Requirement
From the line with "Autre Marque Orecchini" through the line with "Glittery Purple Bokeh", repeat the entries verbatim, both end lines included, and add nothing.

(Saved entries)

# # #

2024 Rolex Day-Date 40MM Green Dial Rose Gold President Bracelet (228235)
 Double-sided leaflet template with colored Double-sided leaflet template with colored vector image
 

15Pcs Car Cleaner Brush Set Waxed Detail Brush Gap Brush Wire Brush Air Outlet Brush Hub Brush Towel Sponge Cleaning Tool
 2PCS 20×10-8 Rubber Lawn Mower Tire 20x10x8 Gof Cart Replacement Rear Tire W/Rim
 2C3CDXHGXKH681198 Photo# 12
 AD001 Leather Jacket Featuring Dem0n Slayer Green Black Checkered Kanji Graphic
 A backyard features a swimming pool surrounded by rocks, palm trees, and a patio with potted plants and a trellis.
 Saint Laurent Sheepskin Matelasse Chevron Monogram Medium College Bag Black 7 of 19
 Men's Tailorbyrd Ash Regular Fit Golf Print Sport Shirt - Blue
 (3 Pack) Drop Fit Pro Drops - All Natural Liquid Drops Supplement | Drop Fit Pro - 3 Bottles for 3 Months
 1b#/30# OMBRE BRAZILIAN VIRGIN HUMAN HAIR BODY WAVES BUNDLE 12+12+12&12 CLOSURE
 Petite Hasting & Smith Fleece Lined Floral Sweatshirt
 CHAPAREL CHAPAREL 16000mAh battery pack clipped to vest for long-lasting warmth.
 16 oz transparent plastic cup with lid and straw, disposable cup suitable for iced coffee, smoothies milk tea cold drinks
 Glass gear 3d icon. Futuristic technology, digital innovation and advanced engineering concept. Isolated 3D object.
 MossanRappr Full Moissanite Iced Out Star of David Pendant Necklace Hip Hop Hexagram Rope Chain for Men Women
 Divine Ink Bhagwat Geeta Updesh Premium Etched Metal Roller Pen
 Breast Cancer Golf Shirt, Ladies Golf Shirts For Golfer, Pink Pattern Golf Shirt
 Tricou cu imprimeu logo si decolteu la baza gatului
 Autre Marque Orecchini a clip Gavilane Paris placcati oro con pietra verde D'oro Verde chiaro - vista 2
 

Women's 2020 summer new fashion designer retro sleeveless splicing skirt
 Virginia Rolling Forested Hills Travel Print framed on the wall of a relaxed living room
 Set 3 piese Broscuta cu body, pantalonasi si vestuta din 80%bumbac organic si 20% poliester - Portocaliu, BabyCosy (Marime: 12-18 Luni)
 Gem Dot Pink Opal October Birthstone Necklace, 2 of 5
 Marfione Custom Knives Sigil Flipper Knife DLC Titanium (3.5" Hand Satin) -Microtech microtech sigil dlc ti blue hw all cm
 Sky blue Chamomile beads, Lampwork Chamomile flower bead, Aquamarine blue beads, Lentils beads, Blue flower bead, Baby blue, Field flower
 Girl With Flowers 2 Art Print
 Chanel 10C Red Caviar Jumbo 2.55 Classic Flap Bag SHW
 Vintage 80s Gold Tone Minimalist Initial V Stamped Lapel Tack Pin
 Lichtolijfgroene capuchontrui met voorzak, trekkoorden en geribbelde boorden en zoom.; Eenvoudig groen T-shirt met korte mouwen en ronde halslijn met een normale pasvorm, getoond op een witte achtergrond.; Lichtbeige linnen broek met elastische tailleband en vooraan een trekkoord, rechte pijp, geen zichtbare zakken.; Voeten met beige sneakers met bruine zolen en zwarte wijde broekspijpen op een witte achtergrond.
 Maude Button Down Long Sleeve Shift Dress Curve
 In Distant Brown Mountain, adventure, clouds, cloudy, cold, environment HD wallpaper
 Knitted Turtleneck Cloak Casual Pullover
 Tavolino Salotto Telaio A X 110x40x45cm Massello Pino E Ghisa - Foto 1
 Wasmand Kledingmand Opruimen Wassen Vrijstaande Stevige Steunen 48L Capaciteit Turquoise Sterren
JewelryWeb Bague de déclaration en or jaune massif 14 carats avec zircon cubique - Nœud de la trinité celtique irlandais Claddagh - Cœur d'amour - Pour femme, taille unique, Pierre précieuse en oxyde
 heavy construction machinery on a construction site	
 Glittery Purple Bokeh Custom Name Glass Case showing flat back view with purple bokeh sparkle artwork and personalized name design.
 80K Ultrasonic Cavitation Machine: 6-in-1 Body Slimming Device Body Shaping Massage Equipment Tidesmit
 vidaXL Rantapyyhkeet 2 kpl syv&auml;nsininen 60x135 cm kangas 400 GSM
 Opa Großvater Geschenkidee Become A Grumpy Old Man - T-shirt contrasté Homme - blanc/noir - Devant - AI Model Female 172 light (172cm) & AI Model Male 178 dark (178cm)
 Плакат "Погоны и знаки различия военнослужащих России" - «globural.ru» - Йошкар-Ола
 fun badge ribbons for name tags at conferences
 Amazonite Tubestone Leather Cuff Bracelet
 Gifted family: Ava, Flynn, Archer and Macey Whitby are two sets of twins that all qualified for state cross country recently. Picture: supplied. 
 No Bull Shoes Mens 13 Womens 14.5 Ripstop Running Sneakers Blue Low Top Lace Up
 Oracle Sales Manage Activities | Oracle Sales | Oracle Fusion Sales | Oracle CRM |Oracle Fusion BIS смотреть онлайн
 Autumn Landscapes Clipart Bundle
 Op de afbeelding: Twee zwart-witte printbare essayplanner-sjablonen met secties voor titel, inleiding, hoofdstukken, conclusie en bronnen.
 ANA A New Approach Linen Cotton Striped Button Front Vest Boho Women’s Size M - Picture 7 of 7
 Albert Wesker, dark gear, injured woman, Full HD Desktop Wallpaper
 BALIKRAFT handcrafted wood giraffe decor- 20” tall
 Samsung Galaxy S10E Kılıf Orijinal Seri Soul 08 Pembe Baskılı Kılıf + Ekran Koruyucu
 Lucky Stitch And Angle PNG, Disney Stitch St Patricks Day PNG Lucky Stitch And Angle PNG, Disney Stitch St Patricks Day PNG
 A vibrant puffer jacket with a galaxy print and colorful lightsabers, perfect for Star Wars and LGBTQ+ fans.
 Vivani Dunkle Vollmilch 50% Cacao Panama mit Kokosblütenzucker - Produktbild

# # #

Result
 Autre Marque Orecchini a clip Gavilane Paris placcati oro con pietra verde D'oro Verde chiaro - vista 2
 

Women's 2020 summer new fashion designer retro sleeveless splicing skirt
 Virginia Rolling Forested Hills Travel Print framed on the wall of a relaxed living room
 Set 3 piese Broscuta cu body, pantalonasi si vestuta din 80%bumbac organic si 20% poliester - Portocaliu, BabyCosy (Marime: 12-18 Luni)
 Gem Dot Pink Opal October Birthstone Necklace, 2 of 5
 Marfione Custom Knives Sigil Flipper Knife DLC Titanium (3.5" Hand Satin) -Microtech microtech sigil dlc ti blue hw all cm
 Sky blue Chamomile beads, Lampwork Chamomile flower bead, Aquamarine blue beads, Lentils beads, Blue flower bead, Baby blue, Field flower
 Girl With Flowers 2 Art Print
 Chanel 10C Red Caviar Jumbo 2.55 Classic Flap Bag SHW
 Vintage 80s Gold Tone Minimalist Initial V Stamped Lapel Tack Pin
 Lichtolijfgroene capuchontrui met voorzak, trekkoorden en geribbelde boorden en zoom.; Eenvoudig groen T-shirt met korte mouwen en ronde halslijn met een normale pasvorm, getoond op een witte achtergrond.; Lichtbeige linnen broek met elastische tailleband en vooraan een trekkoord, rechte pijp, geen zichtbare zakken.; Voeten met beige sneakers met bruine zolen en zwarte wijde broekspijpen op een witte achtergrond.
 Maude Button Down Long Sleeve Shift Dress Curve
 In Distant Brown Mountain, adventure, clouds, cloudy, cold, environment HD wallpaper
 Knitted Turtleneck Cloak Casual Pullover
 Tavolino Salotto Telaio A X 110x40x45cm Massello Pino E Ghisa - Foto 1
 Wasmand Kledingmand Opruimen Wassen Vrijstaande Stevige Steunen 48L Capaciteit Turquoise Sterren
JewelryWeb Bague de déclaration en or jaune massif 14 carats avec zircon cubique - Nœud de la trinité celtique irlandais Claddagh - Cœur d'amour - Pour femme, taille unique, Pierre précieuse en oxyde
 heavy construction machinery on a construction site	
 Glittery Purple Bokeh Custom Name Glass Case showing flat back view with purple bokeh sparkle artwork and personalized name design.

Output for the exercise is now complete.